Getting involved will help achieve the best possible outcome for you
Why you should get involved
Losing money you are owed by a company or an individual that has become insolvent can be a difficult, stressful and time-consuming situation. But, getting involved in the procedure means you are much more likely to get the outcome that you deserve, because:
Getting your money back If the Office Holder knows who you are, knows how much you are owed and knows about your relationship with the insolvent party, you stand a much better chance of getting some of your money back. In most instances if you are an unsecured creditor you are unlikely to get back all that you are owed, and unfortunately might not get any money returned at all; but being involved gives you a much better chance than if the Office Holder isn’t aware you have a claim in the first place. Importantly, if you have ‘Retention of Title’ terms in your contract with the debtor you should approach the Office Holder as soon as possible and advise them of your rights. Also, if you have any information about the whereabouts of assets, or actions the Office Holder could take to improve realisations, share it with them – it may result in a better outcome for you.Bringing directors who have committed bad practice to justice Sometimes those working for insolvent companies have done something which has made matters worse. This can be anything from borrowing money from the company to committing fraud. These people will only be brought to justice if the insolvency practitioner is aware of those actions. However, it’s not always obvious to the insolvency practitioner that there has been bad practice; they often rely on creditors to tell them – this is another reason why you are so important to the insolvency procedure.
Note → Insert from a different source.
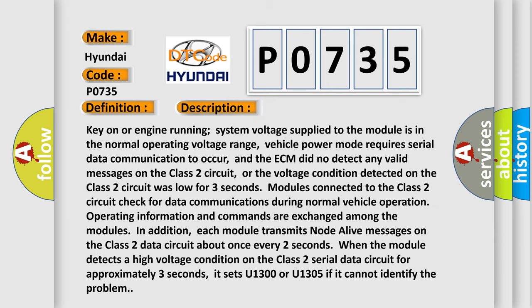Key on or engine running, system voltage supplied to the module is in the normal operating voltage range, vehicle power mode requires serial data communication to occur, and the ECM did not detect any valid messages on the Class 2 circuit, or the voltage condition detected on the Class 2 circuit was low for three seconds. Modules connected to the Class 2 circuit check for data communications during normal vehicle operation.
Finding out about an insolvency
Finding out that an insolvency procedure has begun is the first part of engaging as a creditor.
There are several ways to find out if an individual or company, who owes you money, has entered an insolvency procedure:
Creditor actions The first is easy: because you, as someone who is owed a debt that hasn’t been paid, have asked the court to make an individual bankrupt or because you’ve asked the court to ‘wind-up’ a company. You can read more about how to go about doing this on the government’s website here (bankruptcy) and here (winding-up a company).Being contacted by an office holder If you have not been involved in starting insolvency proceedings, it is most likely that you will find out an insolvency procedure has begun because the Office Holder dealing with the case has contacted you.
Once they are appointed, an Office Holder will try to find out who the insolvent individual or company owes money to. To do this, they will principally rely on information provided by the insolvent individual or company’s directors. They will also go through the insolvent individual’s or company’s financial records and their correspondence, including letters and emails.
Once the Office Holder has established who they think the creditors are, they will contact the creditors to let them know an insolvency procedure has begun (this will most likely be by post). The Office Holder may also invite the creditors to a creditors’ meeting. A creditors’ meeting may not always be held, although creditors can make a request for the Office Holder to hold one.Other ways to find out Unfortunately, it is not always possible for the Office Holder to identify everyone that is owed money by an insolvent company or individual.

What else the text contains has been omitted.